Brief descriptive captions:
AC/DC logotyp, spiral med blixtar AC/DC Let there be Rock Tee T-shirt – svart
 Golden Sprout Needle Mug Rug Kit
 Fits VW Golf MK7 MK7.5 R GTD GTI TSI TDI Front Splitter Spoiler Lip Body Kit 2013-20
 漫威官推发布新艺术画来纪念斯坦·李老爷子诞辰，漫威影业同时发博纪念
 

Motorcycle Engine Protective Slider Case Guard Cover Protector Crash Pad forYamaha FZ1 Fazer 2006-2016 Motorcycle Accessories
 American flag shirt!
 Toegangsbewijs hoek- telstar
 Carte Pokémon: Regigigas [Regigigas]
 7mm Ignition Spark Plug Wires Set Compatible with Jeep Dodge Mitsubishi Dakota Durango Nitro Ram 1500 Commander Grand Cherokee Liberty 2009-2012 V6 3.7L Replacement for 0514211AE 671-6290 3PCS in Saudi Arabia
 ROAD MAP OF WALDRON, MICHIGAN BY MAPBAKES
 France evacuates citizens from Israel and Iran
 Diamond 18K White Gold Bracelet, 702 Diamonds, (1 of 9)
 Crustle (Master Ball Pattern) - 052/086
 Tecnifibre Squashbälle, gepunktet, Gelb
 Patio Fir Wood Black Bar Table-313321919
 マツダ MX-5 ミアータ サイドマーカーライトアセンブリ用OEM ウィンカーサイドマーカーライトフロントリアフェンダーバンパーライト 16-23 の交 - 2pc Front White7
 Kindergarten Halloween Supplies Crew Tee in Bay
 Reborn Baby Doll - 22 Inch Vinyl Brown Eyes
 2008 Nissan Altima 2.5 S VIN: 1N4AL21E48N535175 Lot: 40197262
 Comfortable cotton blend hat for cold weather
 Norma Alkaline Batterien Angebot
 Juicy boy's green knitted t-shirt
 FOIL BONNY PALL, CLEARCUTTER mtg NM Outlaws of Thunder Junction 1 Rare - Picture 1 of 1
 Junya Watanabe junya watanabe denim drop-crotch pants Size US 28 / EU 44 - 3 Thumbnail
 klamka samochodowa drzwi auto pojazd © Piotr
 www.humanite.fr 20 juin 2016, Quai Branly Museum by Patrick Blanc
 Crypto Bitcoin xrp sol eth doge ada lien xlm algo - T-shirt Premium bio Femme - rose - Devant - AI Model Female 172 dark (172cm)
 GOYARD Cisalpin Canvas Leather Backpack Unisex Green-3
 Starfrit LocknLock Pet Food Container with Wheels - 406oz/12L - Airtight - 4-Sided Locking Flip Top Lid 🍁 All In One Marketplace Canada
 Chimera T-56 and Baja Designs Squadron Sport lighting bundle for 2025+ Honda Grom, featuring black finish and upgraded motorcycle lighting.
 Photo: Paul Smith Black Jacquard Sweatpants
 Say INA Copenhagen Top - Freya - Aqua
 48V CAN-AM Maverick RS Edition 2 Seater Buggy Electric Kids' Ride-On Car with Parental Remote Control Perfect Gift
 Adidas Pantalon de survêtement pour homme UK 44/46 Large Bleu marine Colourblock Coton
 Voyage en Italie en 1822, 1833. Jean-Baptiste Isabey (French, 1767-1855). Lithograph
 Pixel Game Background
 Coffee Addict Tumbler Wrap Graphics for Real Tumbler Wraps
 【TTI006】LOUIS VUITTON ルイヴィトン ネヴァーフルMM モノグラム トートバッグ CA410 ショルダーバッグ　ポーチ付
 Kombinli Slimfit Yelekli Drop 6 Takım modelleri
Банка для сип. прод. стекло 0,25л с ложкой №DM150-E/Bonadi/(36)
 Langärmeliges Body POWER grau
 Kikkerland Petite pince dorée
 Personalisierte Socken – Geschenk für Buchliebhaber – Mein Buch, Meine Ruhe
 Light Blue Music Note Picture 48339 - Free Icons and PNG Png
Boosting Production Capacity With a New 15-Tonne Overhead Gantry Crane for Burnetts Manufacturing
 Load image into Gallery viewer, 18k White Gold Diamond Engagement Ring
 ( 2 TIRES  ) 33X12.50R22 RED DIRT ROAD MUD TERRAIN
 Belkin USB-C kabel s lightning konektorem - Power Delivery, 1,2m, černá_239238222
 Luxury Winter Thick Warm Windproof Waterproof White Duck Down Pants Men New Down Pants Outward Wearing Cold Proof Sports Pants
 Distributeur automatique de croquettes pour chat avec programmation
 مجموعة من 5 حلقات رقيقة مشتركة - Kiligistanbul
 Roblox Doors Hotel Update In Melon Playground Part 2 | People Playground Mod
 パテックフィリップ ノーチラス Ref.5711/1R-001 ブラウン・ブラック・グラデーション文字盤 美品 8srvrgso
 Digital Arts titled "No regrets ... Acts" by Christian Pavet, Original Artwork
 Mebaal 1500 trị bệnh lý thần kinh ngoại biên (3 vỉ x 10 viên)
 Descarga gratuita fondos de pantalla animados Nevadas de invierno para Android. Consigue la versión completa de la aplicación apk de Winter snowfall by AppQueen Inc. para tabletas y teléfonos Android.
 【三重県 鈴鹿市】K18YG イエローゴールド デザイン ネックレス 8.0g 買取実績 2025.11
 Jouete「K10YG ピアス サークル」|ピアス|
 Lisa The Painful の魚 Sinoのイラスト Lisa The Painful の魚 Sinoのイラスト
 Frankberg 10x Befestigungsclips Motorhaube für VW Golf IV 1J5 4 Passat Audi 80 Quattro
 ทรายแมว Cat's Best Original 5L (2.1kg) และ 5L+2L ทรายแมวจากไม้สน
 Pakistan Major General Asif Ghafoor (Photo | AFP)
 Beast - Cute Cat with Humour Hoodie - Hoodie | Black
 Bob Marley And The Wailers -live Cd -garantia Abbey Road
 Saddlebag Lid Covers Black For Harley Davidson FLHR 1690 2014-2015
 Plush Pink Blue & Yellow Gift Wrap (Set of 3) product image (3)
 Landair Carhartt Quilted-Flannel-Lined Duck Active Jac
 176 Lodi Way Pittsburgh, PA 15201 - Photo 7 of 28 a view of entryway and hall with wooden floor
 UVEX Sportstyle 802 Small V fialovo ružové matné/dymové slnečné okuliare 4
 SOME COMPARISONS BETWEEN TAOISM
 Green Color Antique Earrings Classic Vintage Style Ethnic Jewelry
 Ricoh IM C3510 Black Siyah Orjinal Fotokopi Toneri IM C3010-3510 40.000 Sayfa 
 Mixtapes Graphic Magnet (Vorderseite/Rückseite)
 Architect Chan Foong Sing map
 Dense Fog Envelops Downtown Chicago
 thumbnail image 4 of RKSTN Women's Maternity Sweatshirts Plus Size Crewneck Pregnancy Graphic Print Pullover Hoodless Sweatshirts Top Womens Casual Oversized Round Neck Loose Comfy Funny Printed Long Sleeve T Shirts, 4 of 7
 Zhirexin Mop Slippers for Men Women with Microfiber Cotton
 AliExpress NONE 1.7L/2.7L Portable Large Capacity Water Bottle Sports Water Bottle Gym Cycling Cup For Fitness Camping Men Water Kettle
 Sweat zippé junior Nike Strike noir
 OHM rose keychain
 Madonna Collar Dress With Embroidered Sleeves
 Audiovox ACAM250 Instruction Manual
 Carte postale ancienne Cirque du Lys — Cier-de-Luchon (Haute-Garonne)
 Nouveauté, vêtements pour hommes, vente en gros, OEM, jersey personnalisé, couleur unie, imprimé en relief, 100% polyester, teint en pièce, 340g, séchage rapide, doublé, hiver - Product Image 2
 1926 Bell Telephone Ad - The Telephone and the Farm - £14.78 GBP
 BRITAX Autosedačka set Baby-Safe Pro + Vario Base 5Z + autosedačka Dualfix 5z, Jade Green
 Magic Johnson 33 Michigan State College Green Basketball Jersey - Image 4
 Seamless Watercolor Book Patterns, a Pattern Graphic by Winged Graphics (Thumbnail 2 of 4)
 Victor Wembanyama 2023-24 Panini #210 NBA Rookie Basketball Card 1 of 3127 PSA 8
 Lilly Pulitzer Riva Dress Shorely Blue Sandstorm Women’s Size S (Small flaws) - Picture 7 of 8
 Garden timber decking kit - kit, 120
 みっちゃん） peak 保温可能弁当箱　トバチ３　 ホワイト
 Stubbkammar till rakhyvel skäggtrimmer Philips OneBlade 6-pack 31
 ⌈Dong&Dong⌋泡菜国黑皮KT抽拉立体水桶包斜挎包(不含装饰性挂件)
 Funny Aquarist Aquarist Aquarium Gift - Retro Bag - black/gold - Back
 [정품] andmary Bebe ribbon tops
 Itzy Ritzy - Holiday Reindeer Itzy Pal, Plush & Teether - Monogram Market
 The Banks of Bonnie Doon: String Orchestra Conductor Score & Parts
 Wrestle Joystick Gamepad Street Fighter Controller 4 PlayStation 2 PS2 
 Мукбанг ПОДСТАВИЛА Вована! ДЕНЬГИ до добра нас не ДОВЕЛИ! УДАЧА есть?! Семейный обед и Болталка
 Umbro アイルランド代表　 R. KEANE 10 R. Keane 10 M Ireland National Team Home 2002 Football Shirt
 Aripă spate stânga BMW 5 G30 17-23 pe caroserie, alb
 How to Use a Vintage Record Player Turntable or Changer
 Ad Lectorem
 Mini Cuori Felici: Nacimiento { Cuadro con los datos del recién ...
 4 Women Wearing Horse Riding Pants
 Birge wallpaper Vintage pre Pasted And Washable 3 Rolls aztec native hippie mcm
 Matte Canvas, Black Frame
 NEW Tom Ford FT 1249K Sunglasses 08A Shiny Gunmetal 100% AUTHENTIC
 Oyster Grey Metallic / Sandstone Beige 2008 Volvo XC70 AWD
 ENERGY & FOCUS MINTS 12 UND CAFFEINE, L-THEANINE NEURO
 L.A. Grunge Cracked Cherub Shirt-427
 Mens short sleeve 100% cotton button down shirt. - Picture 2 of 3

Work task: Restate word for word each line of the data from the one with "Umbro アイルランド代表　 R." to the last, keeping both ends.

Result of the exercise:
 Umbro アイルランド代表　 R. KEANE 10 R. Keane 10 M Ireland National Team Home 2002 Football Shirt
 Aripă spate stânga BMW 5 G30 17-23 pe caroserie, alb
 How to Use a Vintage Record Player Turntable or Changer
 Ad Lectorem
 Mini Cuori Felici: Nacimiento { Cuadro con los datos del recién ...
 4 Women Wearing Horse Riding Pants
 Birge wallpaper Vintage pre Pasted And Washable 3 Rolls aztec native hippie mcm
 Matte Canvas, Black Frame
 NEW Tom Ford FT 1249K Sunglasses 08A Shiny Gunmetal 100% AUTHENTIC
 Oyster Grey Metallic / Sandstone Beige 2008 Volvo XC70 AWD
 ENERGY & FOCUS MINTS 12 UND CAFFEINE, L-THEANINE NEURO
 L.A. Grunge Cracked Cherub Shirt-427
 Mens short sleeve 100% cotton button down shirt. - Picture 2 of 3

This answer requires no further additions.